Source information:
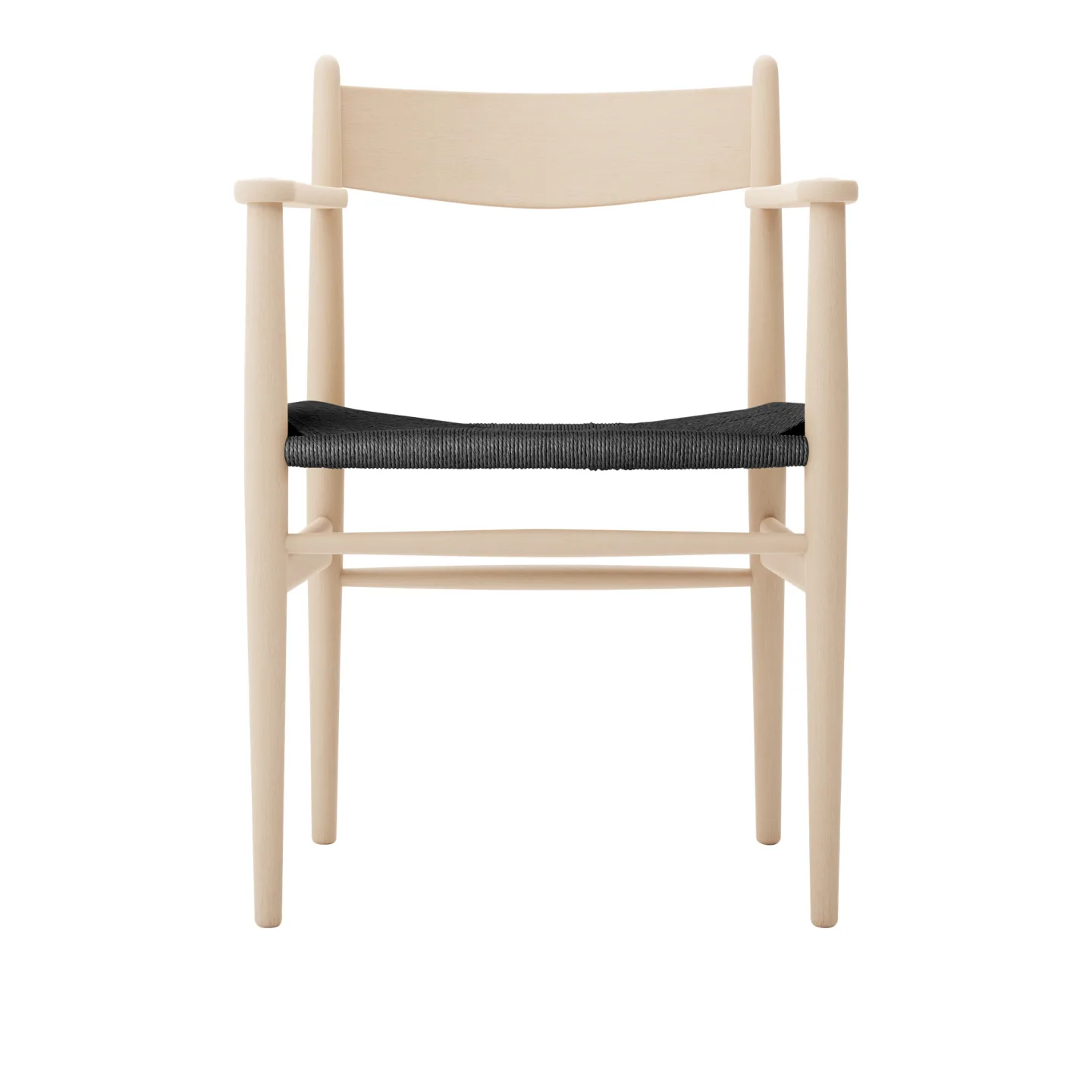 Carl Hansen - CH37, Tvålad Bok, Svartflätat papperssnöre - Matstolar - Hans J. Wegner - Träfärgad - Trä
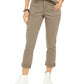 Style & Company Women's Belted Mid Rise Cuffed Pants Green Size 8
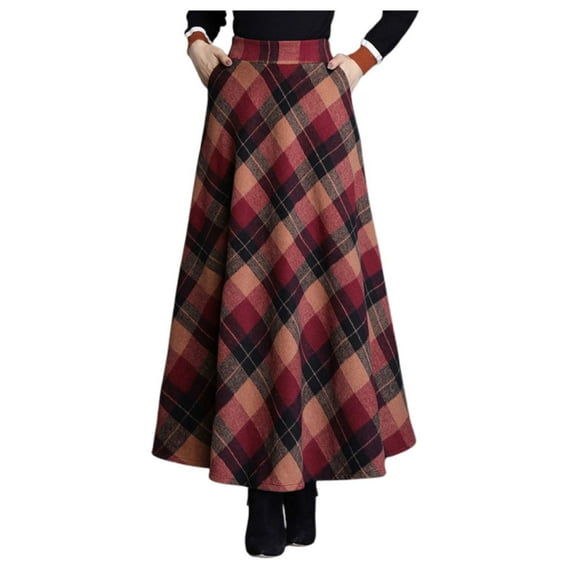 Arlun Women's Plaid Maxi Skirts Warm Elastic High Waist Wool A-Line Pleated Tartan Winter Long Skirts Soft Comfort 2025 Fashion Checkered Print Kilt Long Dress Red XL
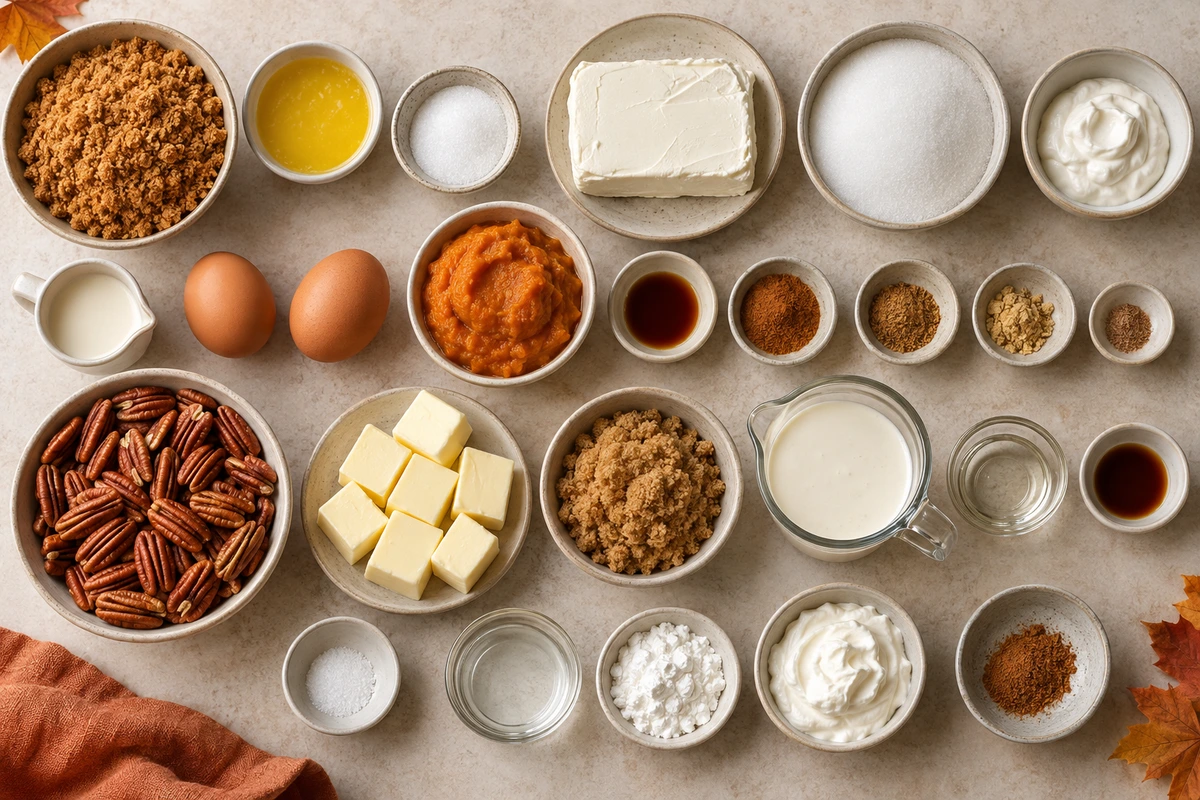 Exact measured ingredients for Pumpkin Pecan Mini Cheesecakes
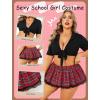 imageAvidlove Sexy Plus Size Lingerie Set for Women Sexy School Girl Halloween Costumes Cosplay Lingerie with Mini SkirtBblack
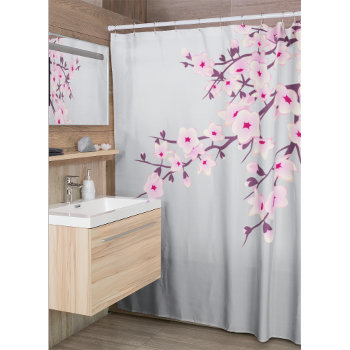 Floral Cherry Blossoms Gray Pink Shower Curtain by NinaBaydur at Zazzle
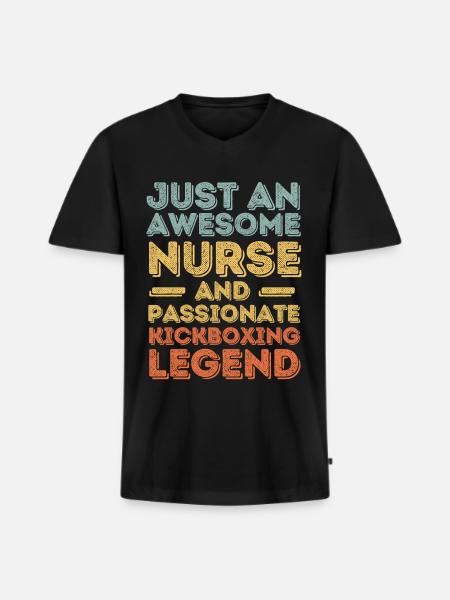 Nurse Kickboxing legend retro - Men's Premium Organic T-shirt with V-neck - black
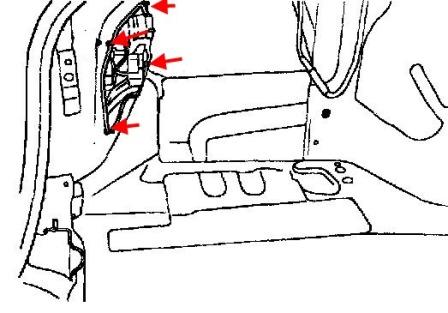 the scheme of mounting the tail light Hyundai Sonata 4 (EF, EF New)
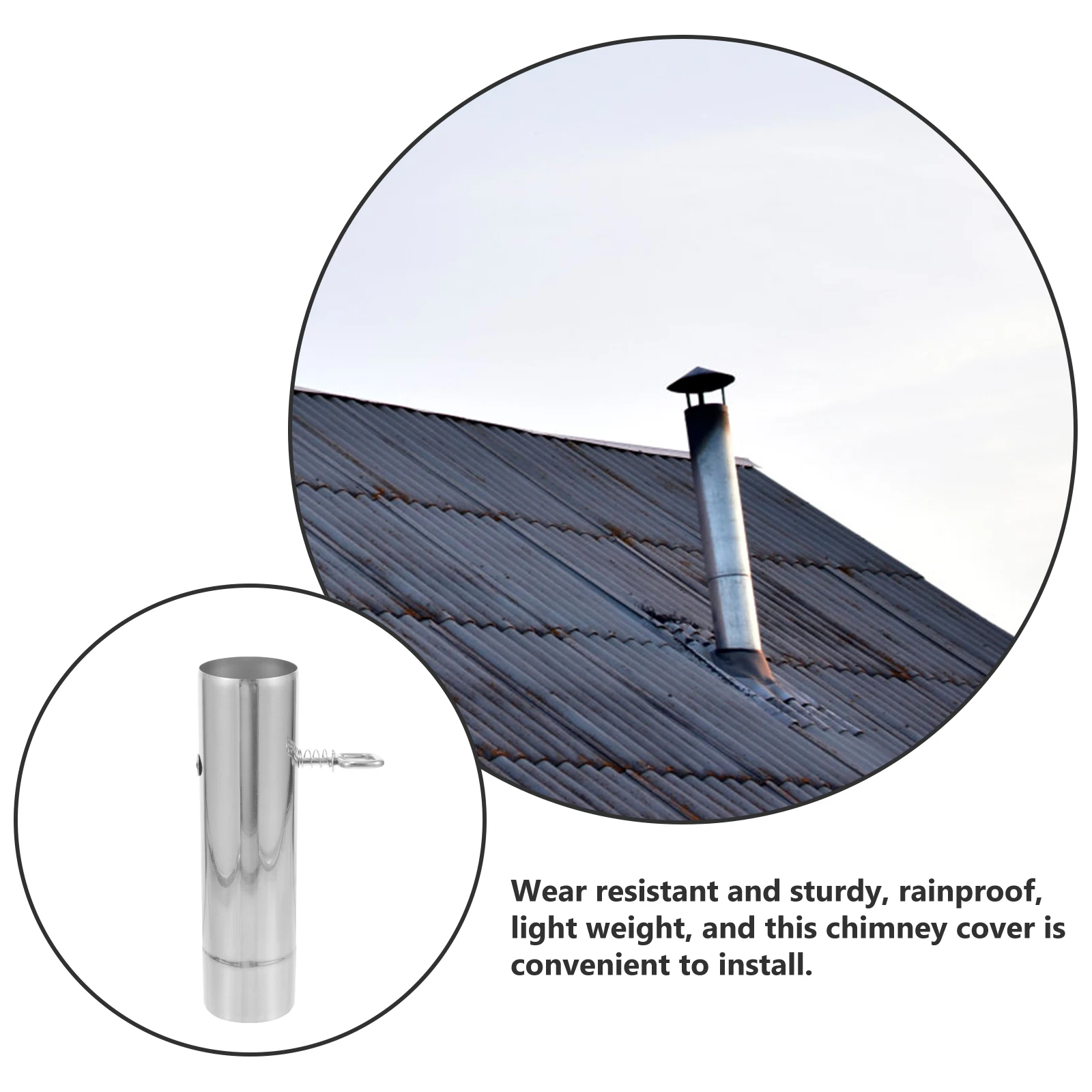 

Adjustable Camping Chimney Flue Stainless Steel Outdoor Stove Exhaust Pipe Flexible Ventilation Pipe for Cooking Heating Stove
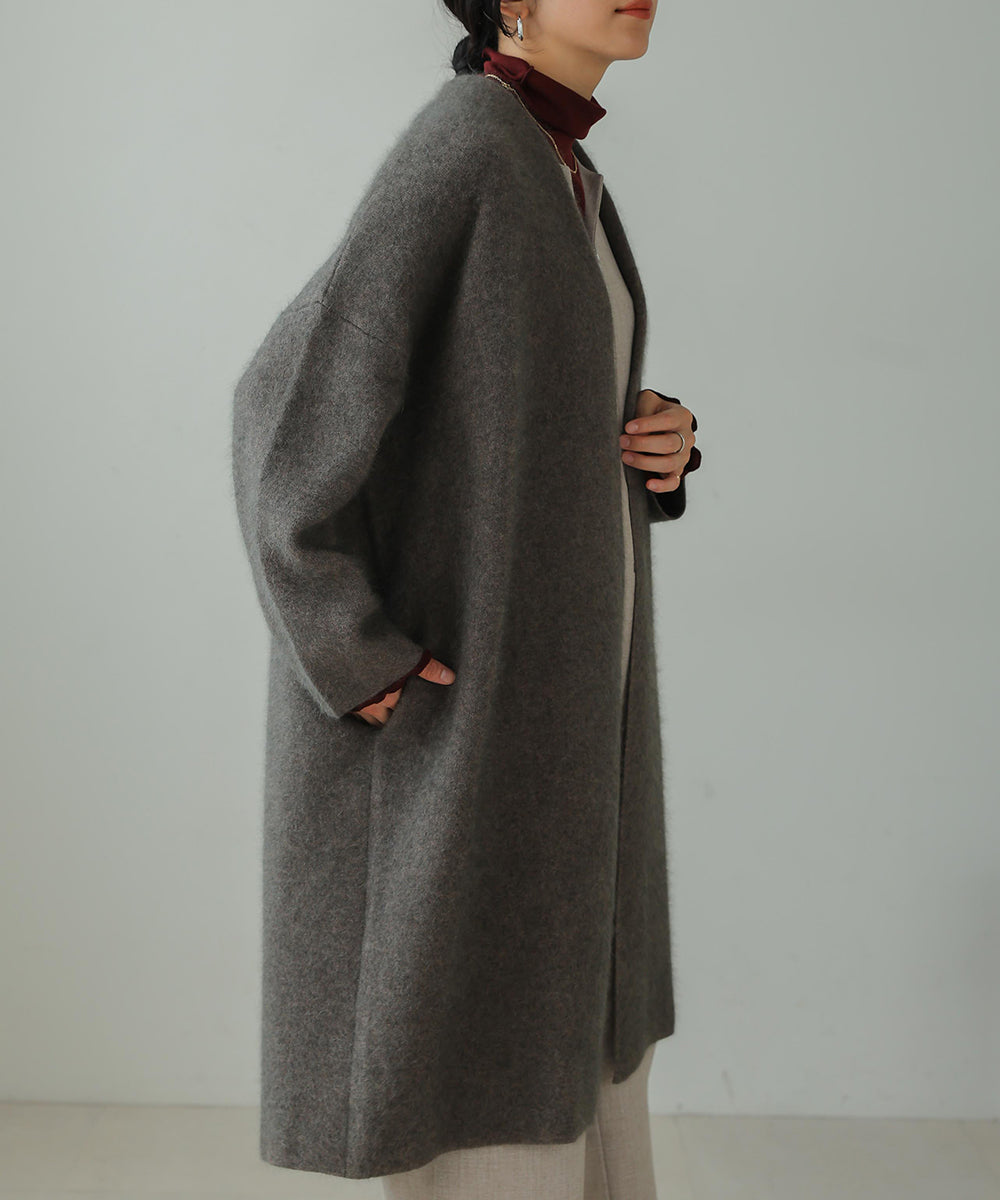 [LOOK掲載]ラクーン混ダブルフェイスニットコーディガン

Description of the task: Output each line of the records exactly. Any picture is skipped.

Written response:
 Carl Hansen - CH37, Tvålad Bok, Svartflätat papperssnöre - Matstolar - Hans J. Wegner - Träfärgad - Trä
 Style & Company Women's Belted Mid Rise Cuffed Pants Green Size 8
 Arlun Women's Plaid Maxi Skirts Warm Elastic High Waist Wool A-Line Pleated Tartan Winter Long Skirts Soft Comfort 2025 Fashion Checkered Print Kilt Long Dress Red XL
 Exact measured ingredients for Pumpkin Pecan Mini Cheesecakes
 imageAvidlove Sexy Plus Size Lingerie Set for Women Sexy School Girl Halloween Costumes Cosplay Lingerie with Mini SkirtBblack
 Floral Cherry Blossoms Gray Pink Shower Curtain by NinaBaydur at Zazzle
 Nurse Kickboxing legend retro - Men's Premium Organic T-shirt with V-neck - black
 the scheme of mounting the tail light Hyundai Sonata 4 (EF, EF New)

Adjustable Camping Chimney Flue Stainless Steel Outdoor Stove Exhaust Pipe Flexible Ventilation Pipe for Cooking Heating Stove
 [LOOK掲載]ラクーン混ダブルフェイスニットコーディガン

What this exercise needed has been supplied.